The OP's battery is four 1.2V rechargeables in series. He calls it 4.8V, but that's just the nominal voltage. If you Google for the maximum fully-charged voltage of a NIMH four-pack, you'll see a wide range of answers, from 5.6V to over 6V.
So he wants to always switch to USB power when it's present, but that may be switching to the *lower* voltage source if the batteries are fully charged, and diodes, even ideal ones, don't want to do that.
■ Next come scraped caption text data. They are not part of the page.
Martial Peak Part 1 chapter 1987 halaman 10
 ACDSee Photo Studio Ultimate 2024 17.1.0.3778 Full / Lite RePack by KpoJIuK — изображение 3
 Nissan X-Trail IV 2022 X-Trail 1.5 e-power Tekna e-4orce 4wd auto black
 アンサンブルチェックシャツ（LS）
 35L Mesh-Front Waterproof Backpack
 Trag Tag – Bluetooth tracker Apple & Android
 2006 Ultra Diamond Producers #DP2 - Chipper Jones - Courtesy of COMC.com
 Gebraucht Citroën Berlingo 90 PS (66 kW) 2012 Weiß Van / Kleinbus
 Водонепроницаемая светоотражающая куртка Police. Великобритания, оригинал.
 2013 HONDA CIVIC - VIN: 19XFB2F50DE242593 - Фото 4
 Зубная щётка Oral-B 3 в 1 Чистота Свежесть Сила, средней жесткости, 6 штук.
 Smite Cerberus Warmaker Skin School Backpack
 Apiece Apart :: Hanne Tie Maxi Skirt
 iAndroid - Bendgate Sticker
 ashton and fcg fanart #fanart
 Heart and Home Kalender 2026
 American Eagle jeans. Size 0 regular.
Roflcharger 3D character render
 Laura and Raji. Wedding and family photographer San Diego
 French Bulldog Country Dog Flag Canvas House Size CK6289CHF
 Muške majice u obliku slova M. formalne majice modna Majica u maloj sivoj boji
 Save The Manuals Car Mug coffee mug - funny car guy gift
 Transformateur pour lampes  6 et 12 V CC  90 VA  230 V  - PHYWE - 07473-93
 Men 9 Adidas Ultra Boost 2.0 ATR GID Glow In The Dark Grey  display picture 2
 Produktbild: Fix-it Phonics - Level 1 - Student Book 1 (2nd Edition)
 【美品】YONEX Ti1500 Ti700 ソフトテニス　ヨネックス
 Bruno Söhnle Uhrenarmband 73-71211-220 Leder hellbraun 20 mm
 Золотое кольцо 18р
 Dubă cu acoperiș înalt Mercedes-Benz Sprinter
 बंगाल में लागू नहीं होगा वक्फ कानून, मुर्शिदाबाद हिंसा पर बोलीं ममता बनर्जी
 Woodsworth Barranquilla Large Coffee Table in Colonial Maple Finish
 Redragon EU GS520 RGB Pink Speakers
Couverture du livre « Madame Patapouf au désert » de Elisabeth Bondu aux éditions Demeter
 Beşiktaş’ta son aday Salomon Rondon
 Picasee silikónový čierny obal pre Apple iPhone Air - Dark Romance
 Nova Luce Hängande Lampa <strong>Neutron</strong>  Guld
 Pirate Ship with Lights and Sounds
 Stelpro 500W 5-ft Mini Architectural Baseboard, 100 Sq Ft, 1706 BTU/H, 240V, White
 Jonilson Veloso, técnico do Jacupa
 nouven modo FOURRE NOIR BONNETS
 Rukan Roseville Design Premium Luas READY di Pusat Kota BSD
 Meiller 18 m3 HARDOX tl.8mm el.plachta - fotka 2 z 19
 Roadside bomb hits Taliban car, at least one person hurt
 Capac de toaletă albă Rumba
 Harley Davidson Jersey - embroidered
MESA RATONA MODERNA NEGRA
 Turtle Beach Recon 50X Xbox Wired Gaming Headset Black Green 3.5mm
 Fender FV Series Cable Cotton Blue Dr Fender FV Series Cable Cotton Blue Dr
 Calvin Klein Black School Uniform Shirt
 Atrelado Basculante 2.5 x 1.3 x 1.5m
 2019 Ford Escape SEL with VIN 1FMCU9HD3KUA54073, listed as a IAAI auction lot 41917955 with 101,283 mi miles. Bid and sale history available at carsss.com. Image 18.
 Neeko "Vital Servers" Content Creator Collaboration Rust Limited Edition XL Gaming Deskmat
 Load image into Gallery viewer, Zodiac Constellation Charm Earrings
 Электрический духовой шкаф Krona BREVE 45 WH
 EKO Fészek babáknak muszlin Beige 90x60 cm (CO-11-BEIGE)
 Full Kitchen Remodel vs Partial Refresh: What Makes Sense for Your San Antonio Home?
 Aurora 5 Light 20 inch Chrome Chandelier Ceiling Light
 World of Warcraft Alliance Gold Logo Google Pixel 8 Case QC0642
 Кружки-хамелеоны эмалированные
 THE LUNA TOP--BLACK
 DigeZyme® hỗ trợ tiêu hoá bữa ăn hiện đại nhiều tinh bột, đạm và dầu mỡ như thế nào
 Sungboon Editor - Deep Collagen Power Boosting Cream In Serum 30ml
Even with a diode in the battery line, the mosfet gate (which is at USB voltage) may be enough below the source voltage (the batteries in his preferred mosfet orientation) to turn on the mosfet when it shouldn't be on.
One solution might be to pick a mosfet with a higher threshold voltage - something like 1.5V or 2V. With that, it might be possible to eliminate the battery line diode and replace it with a second mosfet, back to back with the first one, but with the opposite orientation, so you would have opposing body diodes which are bypassed when the mosfets are on. But then you'd have twice the RDSon.
Or maybe @pcprogrammer's TI chip is the better way to go. It's designed to deal with this situation.
Edit: The IRLML9301TRPbF has a 1.3 - 2.4V threshold voltage. A dual P-channel would be the IRF9362PbF.